WHAT TO PRODUCE — Reproduce the listing in full, pictures excluded.

INFORMATION PROVIDED —
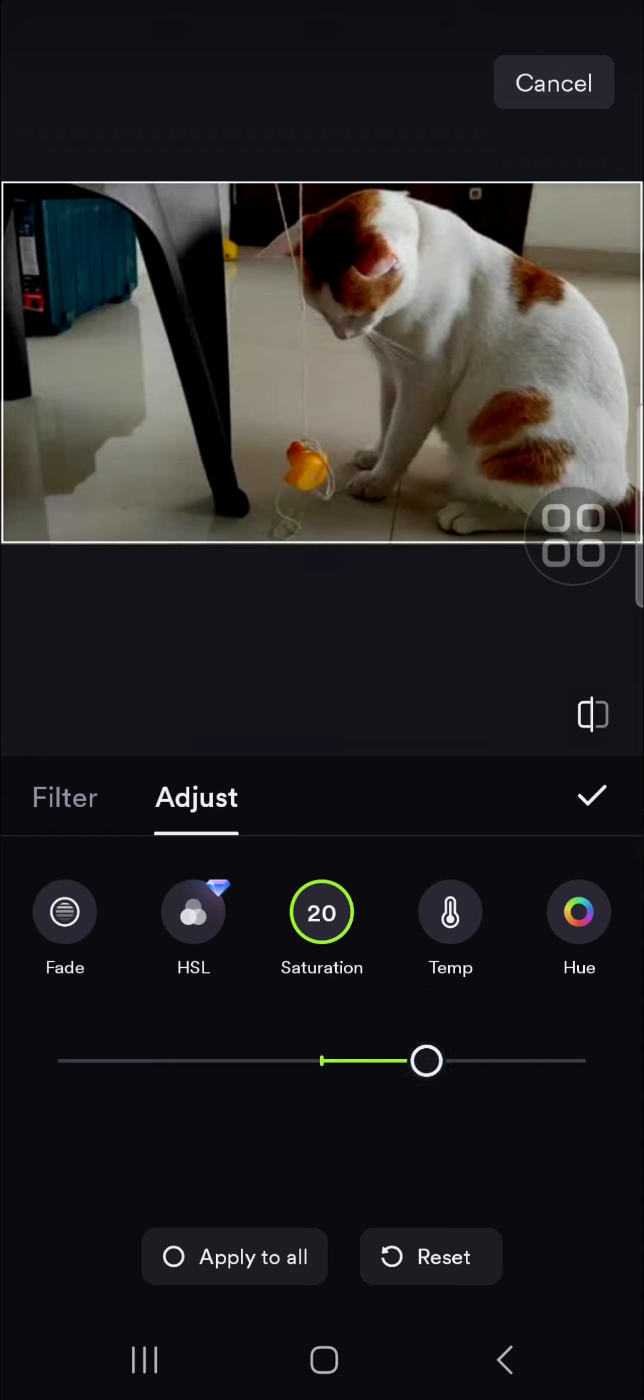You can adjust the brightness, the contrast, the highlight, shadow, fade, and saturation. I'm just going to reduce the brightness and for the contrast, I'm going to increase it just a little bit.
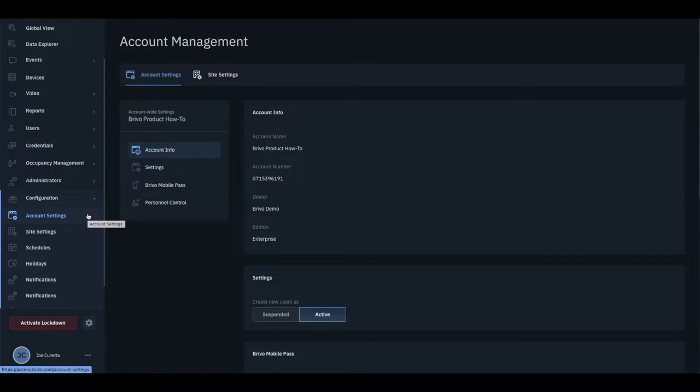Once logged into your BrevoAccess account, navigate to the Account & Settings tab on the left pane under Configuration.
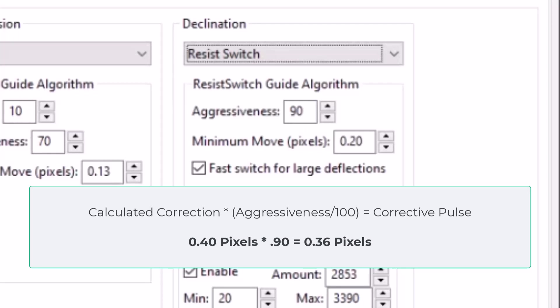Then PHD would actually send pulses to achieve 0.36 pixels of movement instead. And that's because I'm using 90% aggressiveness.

OUTPUT OF THE TASK —
You can adjust the brightness, the contrast, the highlight, shadow, fade, and saturation. I'm just going to reduce the brightness and for the contrast, I'm going to increase it just a little bit.
Once logged into your BrevoAccess account, navigate to the Account & Settings tab on the left pane under Configuration.
Then PHD would actually send pulses to achieve 0.36 pixels of movement instead. And that's because I'm using 90% aggressiveness.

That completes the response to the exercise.